Srikanth Sastry A Techie in Boston

Scripts and their undo

TL;DR. Scripts are a great way to automate the mundane. But be sure you give yourself a way out --- an undo -- when running them.

Some time ago, I had to carry out a long sequence of manual changes in the deployment of my ‘cloud’ service, and so like a good software engineer, I automated large chunks of these changes with shell scripts. Here I learned the importance of building and ‘undo’ in all your shell scripts that mutate the state of world.

A bit of background first. I discovered that one of the services in a collection of co-located services was over-provisioned by a lot. But due to interdependence among services and second order effects, I wasn’t sure by how much. A quick way to do this was to shrink the size of this service while monitoring the resource utilization for the service. For multiple reasons, I had to go through a very specific sequence of replica turn downs, and this sequence was accounted for the automation as well.
After writing and testing the script, I unleashed it on the deployment, and things seem to be going well.
Midway through, an engineer from a partner team pinged me to say that they were having service incident, and they my changes was introduces a lot of noise in their monitoring dashboard making it difficult to debug their issue. So, they asked me to undo my changes, and resume it after they had fixed their issue.

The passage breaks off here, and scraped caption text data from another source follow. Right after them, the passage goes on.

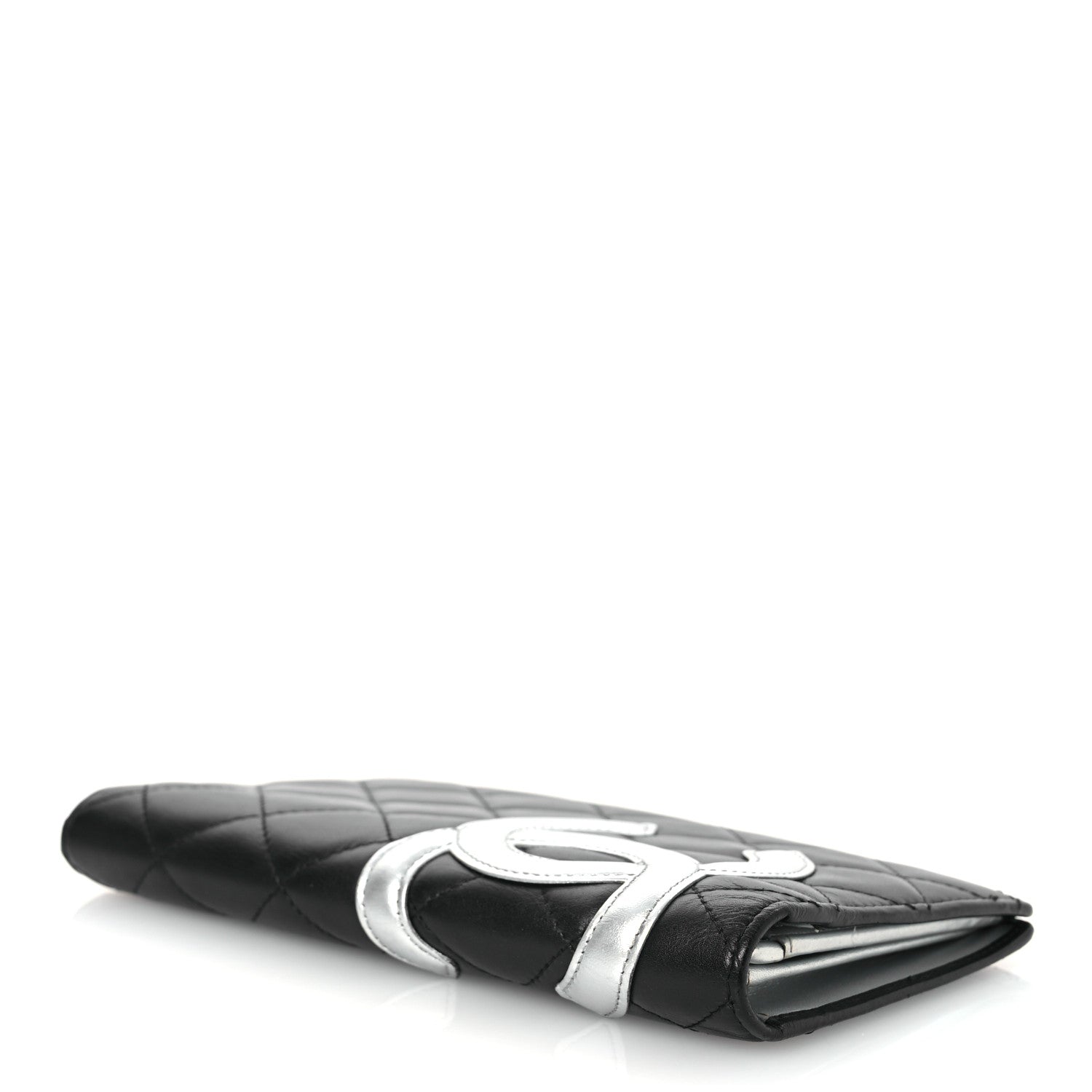 Chanel Calfskin Quilted Cambon Yen Wallet Black Silver 4 of 11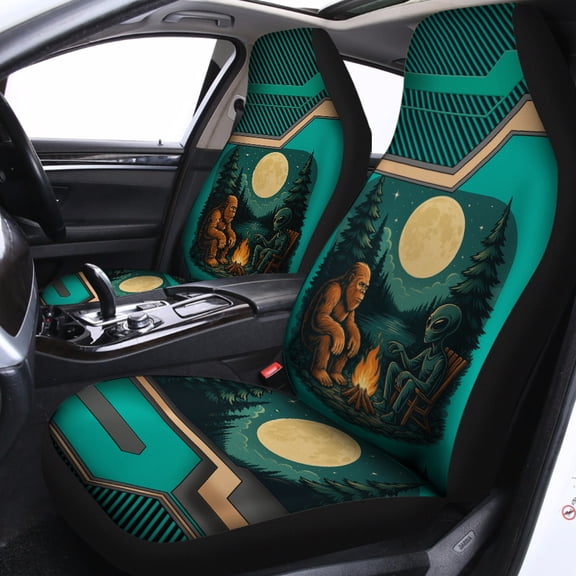 Bigfoot and Alien Campfire Car Seat Covers Funny Sasquatch UFO Night Forest Auto Seat Protectors, Moonlight Adventure Car Interior Decor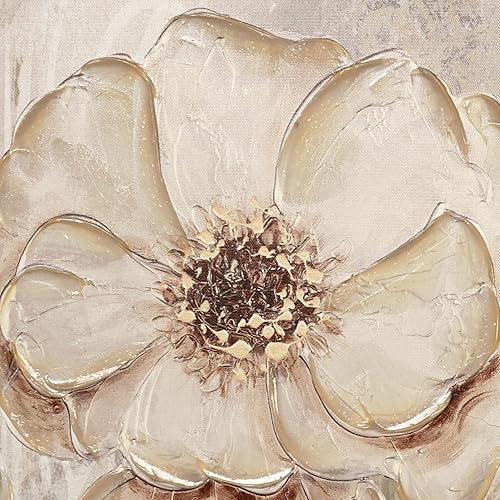 Miniatura 5 de Touch of Class Lienzo decorativo para pared, diseño floral, beige, marfil, adornado a mano, rectángulo, diseños de magnolia, cuadro de arte de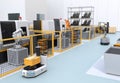 Mobile robots, heavy payload robot cell and CNC machines in smart factory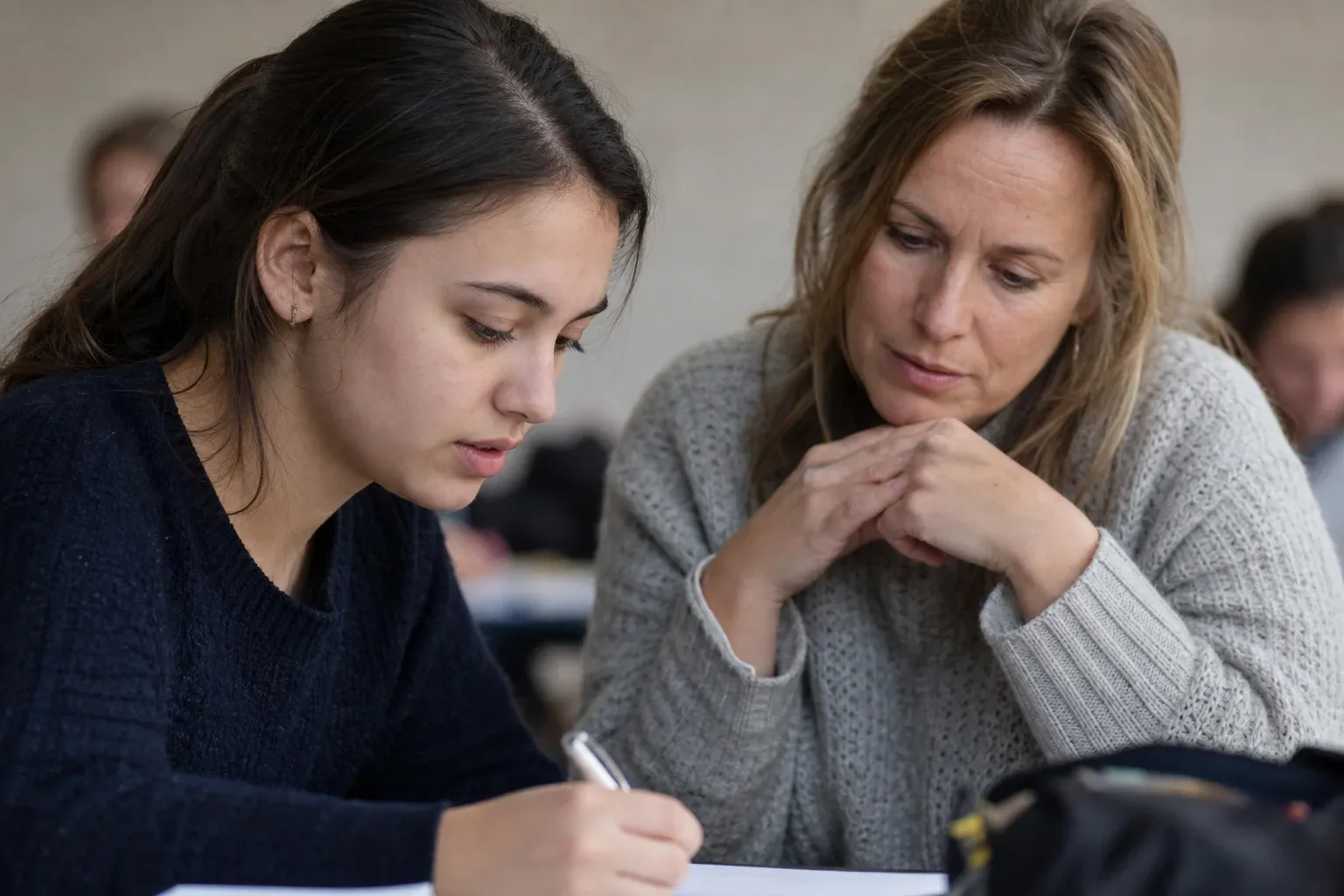 Two people sit together in a classroom, one writing on paper whilst the other looks on attentively.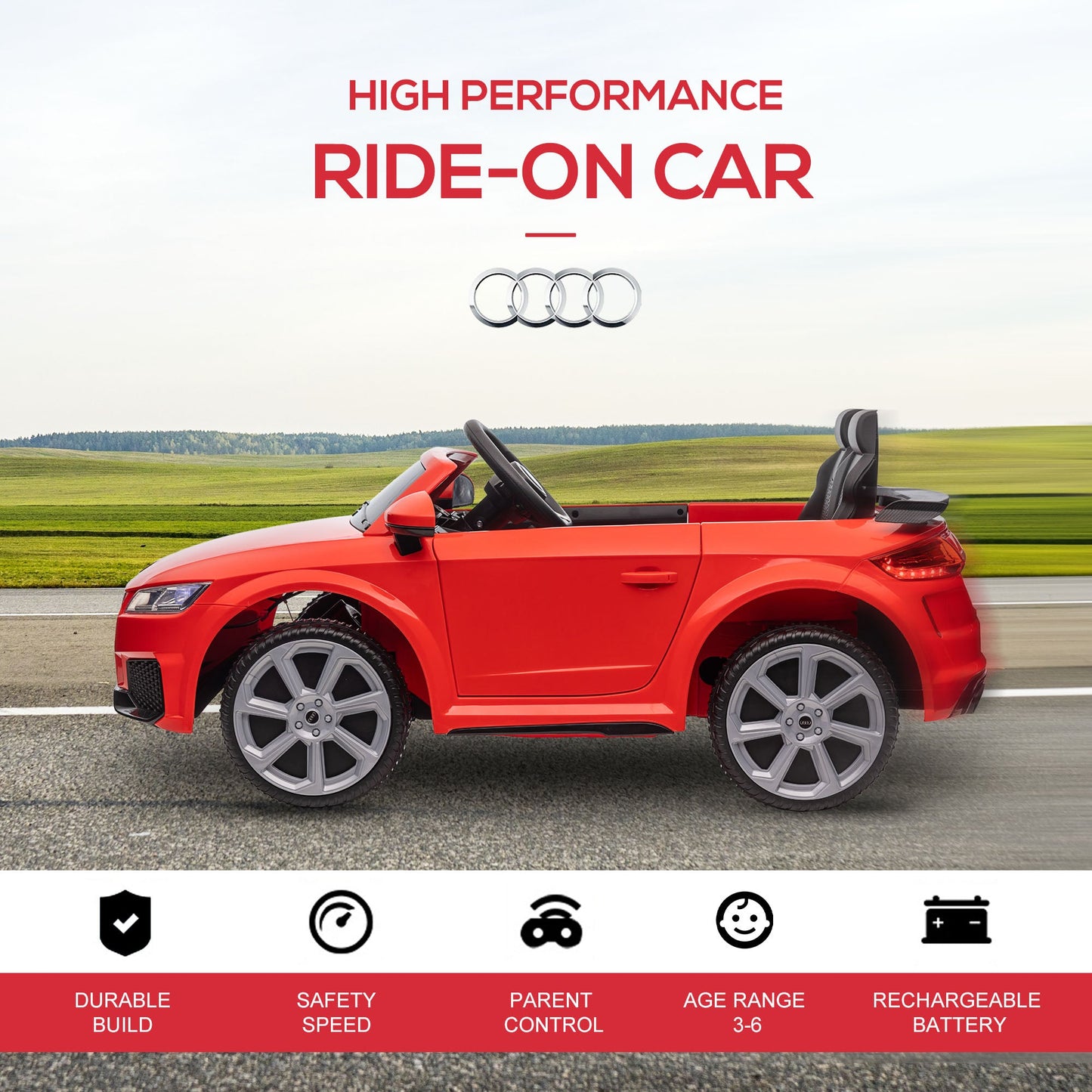 Toys and Games-6V Licensed Audi TT RS Kids Electric Toy Car, Battery Powered Ride on Car with 2 Speeds, Headlight Music and Remote Control, Red - Outdoor Style Company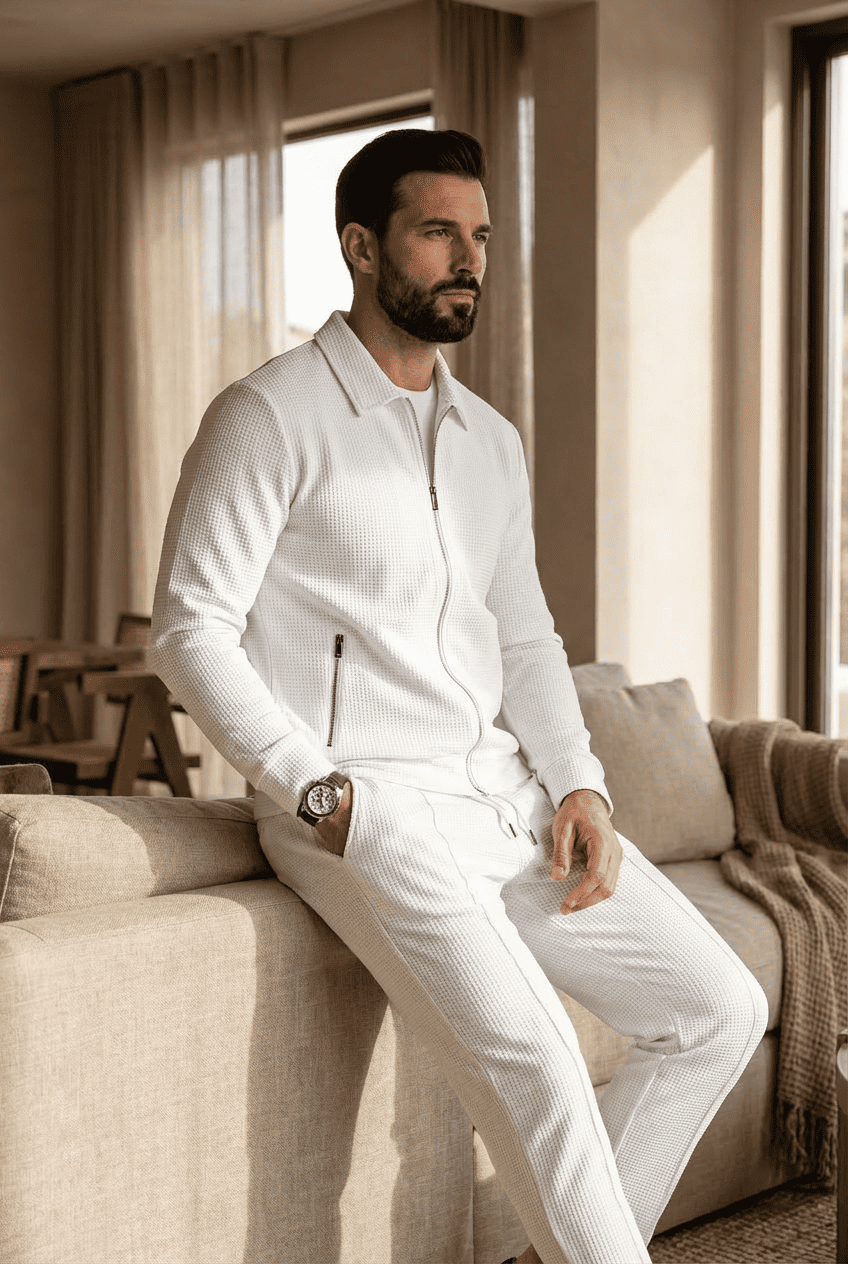 Kieran | Men's Casual Waffle Knit Two Piece Set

Well, as it turns out, I did not have an undo script, and worse, I hadn't even thought of an undo short of resetting the entire service (which was scheduled to happen at the end of the day anyway). So, I halted my existing script, and made some quick changes that I thought would effectively undo, and given how short I was on time, I just let it run.

You can guess what happened. Instead of undoing the changes, a bug in the script caused to be more aggressive about shutting down replicas, and I now had a new service incident on my hands! :)

If only I had spent enough time figuring out the undo operation, and had a handy command that executed that, this could have been completely avoided. So, my advice to you is this. When writing and launching a script that mutates the state of the world, please ensure that the script logs (either to stdout, stderr, or a log file) the exact command that can be pasted into your shell prompt to undo all the mutations. You may not have to use it often (or at all(; but when you do, it will definitely be worth the effort.